(ENTRIES PROVIDED begins)

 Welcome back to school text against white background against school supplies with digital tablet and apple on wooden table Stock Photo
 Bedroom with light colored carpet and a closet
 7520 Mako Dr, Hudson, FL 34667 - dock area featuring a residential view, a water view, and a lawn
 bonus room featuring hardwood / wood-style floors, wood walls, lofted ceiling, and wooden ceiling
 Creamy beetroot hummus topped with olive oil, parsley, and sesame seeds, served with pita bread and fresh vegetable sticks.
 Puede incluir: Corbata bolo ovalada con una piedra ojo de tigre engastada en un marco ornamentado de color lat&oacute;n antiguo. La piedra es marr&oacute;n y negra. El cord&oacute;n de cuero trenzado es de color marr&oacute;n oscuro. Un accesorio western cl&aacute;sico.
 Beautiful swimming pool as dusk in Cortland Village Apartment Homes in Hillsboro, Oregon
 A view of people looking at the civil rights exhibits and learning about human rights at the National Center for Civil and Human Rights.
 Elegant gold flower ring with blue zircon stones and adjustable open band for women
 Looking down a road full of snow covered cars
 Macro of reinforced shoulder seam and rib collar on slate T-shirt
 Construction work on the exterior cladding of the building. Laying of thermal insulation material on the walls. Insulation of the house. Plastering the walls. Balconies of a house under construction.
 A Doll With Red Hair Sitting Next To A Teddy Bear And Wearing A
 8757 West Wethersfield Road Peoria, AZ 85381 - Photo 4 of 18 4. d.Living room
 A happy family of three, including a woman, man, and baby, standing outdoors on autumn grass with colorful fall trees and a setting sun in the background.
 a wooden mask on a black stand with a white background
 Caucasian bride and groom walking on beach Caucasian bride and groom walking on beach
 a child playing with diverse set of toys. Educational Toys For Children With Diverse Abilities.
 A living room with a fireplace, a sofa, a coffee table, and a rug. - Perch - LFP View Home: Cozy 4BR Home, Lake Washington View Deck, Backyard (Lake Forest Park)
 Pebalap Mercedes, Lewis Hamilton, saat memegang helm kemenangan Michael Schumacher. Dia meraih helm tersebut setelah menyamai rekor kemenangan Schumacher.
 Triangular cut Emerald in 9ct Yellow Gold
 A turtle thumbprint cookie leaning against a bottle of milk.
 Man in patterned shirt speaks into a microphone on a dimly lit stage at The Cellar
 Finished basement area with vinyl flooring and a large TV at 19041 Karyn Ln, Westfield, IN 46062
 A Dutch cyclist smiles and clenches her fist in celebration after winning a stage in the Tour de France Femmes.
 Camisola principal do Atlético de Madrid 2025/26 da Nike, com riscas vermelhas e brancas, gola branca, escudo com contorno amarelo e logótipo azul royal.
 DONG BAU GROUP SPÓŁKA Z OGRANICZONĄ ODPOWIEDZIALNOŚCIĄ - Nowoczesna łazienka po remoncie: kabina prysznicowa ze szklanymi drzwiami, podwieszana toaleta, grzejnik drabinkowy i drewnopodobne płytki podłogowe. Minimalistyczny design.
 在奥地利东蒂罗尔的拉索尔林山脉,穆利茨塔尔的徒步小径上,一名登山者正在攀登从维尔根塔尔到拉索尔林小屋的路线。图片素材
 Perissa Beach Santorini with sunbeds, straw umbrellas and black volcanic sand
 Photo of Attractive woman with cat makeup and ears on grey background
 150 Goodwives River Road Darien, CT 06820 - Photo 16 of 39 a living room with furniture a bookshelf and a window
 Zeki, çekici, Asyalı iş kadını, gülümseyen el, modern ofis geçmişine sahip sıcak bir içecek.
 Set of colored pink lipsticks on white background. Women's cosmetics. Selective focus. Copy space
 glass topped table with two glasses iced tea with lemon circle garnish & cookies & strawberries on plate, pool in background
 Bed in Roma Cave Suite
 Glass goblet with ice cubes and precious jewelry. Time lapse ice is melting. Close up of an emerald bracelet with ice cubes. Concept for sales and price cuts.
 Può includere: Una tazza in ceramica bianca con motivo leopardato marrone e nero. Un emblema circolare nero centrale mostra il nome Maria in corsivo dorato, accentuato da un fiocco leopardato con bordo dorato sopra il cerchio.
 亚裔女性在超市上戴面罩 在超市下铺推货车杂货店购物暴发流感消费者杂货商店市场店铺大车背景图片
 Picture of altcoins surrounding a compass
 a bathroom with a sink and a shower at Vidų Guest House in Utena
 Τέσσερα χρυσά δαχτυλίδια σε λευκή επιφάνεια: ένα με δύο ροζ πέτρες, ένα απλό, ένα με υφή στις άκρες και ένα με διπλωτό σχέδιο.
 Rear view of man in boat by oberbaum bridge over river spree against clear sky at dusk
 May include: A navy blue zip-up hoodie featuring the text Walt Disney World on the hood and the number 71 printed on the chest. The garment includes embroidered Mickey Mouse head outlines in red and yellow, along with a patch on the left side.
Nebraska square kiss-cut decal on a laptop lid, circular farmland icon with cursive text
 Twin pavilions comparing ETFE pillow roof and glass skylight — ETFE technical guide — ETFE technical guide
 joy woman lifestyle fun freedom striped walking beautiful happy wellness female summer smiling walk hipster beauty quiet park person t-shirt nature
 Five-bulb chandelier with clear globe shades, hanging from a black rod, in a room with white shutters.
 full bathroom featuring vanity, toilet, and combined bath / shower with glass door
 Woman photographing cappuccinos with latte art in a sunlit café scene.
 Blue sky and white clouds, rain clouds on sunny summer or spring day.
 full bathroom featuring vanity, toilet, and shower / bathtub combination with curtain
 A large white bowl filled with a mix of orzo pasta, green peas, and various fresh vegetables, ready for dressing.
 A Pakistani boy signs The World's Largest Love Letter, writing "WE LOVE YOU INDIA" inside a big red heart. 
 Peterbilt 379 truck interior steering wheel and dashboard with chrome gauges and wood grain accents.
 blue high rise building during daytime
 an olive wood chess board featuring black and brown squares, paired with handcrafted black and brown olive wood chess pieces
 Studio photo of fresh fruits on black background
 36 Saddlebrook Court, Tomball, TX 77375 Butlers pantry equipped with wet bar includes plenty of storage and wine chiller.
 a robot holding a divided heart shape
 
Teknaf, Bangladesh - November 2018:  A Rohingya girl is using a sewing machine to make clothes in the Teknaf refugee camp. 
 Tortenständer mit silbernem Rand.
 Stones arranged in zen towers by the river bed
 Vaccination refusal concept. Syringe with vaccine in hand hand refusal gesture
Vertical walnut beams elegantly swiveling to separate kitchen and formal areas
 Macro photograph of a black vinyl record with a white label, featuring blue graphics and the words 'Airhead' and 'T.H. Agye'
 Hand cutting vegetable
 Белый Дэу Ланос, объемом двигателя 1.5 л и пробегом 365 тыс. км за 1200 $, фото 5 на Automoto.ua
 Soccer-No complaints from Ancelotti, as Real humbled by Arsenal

(ENTRIES PROVIDED ends)

Filter the material for the word "wooden" and copy each matching line.

_OUTPUT OF THE EXERCISE_.
 Welcome back to school text against white background against school supplies with digital tablet and apple on wooden table Stock Photo
 bonus room featuring hardwood / wood-style floors, wood walls, lofted ceiling, and wooden ceiling
 a wooden mask on a black stand with a white background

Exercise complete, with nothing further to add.